I'm trying to create a development workflow where I can spin up a (slightly customised*) Neo4j Community Docker container on AWS EC2 Amazon Linux, then use an image of that instance to create other instances.
When I set up an EC2 instance with my install scripts that get Neo4j running in Docker, everything works fine (I can use cypher-shell to execute statements). However, when I create an image of the instance, then create a new instance from the image, Neo4j isn't working on the new instance.
I've seen three different errors during different attempts:
The client is unauthorized due to authentication failure." when trying to log in with the
neo4juser (which I've assigned a new, permanent password in the container config)
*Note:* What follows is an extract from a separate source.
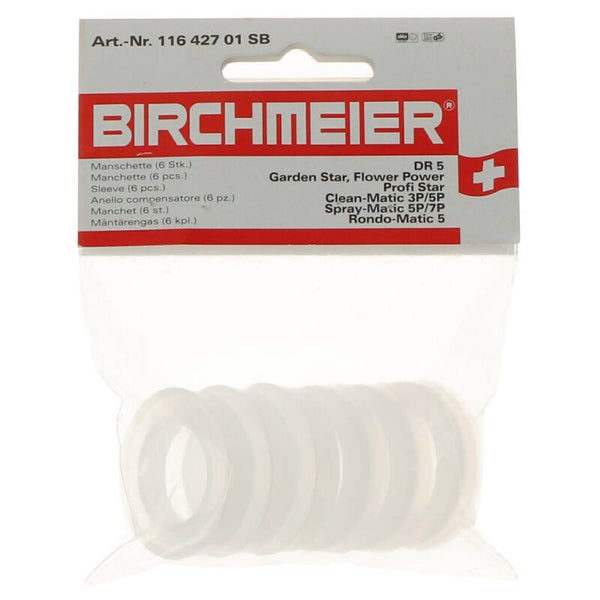 Birchmeier DR5 Zuigerringen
Failed to obtain connection towards WRITE server. Known routing table is: Ttl 1588219230458, currentTime 1588218930464, routers AddressSet=, writers AddressSet=, readers AddressSet=, database '<default database>'
As I said, everything works fine on the instance where the installation steps are initially performed. It's only on instances created from an image of that instance (while is was shutdown) that the errors happen.
I've grabbed the debug.logs from the good instances and a bad one and there's no difference between them.
Is there something about Neo4j (even inside Docker?) that prevents its data from being used after it's moved to another host?
Am I doing something wrong, or is there some condition that would obviously create the above symptoms?
(* The only customisation on top of the official Docker image is to inject my own neo4j.conf)
I'm running multiple neo4j dbs (but light load, dev dbs) under docker on an AWS host. I'm curious about your use case, do you need to do this or just want to learn about modifying and republishing those modified docker images?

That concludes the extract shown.